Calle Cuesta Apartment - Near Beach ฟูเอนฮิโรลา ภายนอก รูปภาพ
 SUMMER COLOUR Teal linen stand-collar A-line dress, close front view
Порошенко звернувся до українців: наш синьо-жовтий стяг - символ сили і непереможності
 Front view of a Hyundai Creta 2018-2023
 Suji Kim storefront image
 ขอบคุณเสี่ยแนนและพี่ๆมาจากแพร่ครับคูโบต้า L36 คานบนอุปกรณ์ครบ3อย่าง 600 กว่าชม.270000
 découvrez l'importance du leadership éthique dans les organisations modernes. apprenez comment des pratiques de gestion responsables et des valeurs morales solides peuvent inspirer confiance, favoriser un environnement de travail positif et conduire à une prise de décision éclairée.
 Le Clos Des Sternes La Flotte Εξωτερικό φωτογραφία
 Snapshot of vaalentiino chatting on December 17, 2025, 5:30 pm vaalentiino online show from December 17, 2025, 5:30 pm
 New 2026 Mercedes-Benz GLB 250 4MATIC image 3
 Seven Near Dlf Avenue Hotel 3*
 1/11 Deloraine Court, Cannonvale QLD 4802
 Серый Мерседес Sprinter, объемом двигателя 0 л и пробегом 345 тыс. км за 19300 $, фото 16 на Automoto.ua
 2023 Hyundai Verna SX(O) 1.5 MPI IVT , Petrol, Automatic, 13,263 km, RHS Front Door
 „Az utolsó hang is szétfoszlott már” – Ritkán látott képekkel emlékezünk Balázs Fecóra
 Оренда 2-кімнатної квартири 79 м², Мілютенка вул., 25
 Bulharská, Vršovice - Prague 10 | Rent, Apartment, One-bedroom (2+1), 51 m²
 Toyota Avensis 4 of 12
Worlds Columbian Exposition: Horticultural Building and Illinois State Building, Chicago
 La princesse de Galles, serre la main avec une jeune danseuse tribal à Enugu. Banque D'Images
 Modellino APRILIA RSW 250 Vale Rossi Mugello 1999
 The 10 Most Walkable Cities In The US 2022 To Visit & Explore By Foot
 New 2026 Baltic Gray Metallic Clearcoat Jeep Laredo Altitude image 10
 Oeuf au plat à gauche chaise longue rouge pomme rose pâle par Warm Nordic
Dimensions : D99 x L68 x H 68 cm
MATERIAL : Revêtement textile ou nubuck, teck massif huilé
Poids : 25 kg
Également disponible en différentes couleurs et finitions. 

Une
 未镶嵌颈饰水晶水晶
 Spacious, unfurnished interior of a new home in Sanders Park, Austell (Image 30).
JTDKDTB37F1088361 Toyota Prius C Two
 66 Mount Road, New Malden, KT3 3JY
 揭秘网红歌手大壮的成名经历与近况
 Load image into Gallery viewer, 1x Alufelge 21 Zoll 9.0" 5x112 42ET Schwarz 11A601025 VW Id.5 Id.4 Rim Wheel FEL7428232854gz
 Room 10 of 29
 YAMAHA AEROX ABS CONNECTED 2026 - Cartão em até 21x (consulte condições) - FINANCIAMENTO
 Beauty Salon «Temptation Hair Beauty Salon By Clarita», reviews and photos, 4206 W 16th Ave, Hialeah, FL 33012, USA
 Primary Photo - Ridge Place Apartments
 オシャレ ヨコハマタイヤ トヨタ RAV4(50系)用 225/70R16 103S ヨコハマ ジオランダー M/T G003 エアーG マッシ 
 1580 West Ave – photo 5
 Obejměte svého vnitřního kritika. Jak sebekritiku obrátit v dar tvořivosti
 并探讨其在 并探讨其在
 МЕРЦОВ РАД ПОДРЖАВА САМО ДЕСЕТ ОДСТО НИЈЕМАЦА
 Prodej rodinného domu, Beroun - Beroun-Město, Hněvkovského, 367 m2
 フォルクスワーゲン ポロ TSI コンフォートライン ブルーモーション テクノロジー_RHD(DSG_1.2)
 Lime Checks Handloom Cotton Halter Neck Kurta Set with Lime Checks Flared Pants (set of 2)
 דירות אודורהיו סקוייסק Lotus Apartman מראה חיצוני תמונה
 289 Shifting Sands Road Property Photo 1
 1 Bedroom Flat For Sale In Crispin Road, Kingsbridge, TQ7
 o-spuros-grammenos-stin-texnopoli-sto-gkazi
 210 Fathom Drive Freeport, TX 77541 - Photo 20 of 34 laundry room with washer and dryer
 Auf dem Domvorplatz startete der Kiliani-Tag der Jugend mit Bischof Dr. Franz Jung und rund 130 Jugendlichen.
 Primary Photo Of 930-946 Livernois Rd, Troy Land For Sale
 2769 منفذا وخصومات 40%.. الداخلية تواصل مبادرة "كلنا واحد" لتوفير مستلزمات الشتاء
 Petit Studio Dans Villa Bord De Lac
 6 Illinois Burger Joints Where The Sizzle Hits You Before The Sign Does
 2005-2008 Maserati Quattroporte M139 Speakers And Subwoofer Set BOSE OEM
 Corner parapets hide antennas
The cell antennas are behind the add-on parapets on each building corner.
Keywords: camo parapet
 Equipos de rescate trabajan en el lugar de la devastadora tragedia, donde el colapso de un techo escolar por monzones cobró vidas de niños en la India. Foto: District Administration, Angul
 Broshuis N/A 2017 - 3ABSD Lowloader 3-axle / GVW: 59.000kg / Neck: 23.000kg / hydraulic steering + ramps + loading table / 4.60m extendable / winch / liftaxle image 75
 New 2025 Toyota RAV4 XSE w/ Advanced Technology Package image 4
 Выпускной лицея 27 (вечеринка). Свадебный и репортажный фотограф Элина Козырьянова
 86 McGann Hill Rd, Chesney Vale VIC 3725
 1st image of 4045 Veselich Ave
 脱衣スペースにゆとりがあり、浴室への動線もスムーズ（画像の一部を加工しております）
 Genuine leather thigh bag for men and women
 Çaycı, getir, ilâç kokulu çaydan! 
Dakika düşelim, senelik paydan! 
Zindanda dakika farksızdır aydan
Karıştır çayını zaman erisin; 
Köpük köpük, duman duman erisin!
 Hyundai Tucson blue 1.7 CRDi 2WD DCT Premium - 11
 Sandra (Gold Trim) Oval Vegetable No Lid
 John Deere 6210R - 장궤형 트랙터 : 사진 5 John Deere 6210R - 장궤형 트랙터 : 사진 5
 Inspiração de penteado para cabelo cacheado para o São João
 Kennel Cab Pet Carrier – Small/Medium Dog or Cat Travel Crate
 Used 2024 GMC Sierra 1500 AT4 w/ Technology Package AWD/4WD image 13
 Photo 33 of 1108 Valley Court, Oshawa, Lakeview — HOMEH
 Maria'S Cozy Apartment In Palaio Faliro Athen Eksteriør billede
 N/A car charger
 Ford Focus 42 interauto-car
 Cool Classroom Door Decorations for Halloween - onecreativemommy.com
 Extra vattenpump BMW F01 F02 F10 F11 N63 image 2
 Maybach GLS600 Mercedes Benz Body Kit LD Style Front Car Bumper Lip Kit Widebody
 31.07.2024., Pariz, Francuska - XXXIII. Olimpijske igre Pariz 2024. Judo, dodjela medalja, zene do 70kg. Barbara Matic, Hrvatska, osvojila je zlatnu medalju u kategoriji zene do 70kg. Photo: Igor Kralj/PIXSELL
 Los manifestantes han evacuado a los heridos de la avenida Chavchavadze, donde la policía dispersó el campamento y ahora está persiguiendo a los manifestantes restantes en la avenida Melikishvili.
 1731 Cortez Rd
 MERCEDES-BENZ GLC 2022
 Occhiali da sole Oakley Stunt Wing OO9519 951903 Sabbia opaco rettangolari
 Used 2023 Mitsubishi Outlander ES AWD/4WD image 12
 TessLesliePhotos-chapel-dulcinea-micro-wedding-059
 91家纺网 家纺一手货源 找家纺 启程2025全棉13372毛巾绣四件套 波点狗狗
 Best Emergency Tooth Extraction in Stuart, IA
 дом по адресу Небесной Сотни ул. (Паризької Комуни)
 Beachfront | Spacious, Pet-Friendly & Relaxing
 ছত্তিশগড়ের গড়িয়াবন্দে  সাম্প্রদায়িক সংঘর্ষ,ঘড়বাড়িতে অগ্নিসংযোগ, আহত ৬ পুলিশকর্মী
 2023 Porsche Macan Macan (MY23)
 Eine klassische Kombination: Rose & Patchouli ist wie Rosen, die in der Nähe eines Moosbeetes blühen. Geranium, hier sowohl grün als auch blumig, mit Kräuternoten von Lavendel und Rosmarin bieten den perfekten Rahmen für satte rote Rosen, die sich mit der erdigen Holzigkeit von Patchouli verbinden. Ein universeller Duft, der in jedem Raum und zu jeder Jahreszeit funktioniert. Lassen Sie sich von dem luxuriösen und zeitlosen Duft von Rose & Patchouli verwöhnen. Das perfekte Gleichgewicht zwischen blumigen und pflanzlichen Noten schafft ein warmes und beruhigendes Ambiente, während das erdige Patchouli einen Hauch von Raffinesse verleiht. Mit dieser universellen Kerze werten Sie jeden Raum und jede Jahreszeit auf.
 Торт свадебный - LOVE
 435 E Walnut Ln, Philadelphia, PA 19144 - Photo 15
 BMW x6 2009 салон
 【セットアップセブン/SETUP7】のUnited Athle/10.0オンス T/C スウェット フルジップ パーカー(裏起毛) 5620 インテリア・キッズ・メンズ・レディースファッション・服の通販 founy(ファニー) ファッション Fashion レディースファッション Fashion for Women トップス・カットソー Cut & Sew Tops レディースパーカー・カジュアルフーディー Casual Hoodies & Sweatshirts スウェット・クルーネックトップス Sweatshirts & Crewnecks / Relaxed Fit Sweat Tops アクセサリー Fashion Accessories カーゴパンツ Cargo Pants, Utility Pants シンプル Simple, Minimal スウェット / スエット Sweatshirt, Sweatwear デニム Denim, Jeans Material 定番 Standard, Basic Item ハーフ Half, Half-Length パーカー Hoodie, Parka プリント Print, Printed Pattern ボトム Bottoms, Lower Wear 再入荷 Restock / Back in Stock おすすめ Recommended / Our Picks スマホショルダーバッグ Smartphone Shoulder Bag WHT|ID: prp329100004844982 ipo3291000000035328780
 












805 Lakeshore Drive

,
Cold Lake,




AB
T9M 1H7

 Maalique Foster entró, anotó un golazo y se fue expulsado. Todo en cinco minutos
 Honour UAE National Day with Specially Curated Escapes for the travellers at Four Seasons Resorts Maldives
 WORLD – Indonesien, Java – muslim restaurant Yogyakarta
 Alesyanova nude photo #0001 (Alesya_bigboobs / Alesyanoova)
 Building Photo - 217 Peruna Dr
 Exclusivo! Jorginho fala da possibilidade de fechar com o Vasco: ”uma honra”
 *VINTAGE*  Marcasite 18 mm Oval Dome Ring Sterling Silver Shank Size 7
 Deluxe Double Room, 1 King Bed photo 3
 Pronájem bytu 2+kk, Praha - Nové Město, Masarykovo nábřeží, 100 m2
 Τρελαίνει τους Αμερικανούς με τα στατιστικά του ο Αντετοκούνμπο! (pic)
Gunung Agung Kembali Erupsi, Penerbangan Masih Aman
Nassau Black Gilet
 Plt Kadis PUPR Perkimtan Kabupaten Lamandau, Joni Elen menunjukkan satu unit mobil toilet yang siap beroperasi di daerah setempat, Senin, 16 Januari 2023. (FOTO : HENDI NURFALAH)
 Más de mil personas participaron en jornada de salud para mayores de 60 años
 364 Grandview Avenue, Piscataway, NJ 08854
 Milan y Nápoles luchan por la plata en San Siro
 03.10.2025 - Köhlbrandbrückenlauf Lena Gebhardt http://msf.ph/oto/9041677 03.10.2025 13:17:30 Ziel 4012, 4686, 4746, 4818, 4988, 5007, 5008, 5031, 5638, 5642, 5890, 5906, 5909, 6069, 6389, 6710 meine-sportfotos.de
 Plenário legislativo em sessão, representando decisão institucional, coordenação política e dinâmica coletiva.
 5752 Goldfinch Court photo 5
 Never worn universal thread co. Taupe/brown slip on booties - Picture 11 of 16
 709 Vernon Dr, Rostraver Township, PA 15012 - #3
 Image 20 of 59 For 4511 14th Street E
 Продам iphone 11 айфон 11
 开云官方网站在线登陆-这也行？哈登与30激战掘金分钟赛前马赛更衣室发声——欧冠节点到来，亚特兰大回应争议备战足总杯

■ **TASK BRIEF**: Scan the records above for the lines holding "New 2026 Mercedes-Benz" and "Серый Мерседес Sprinter, объемом". Transcribe those two and every line between them word for word, and no others.

■ **RESPONSE BOX**:
 New 2026 Mercedes-Benz GLB 250 4MATIC image 3
 Seven Near Dlf Avenue Hotel 3*
 1/11 Deloraine Court, Cannonvale QLD 4802
 Серый Мерседес Sprinter, объемом двигателя 0 л и пробегом 345 тыс. км за 19300 $, фото 16 на Automoto.ua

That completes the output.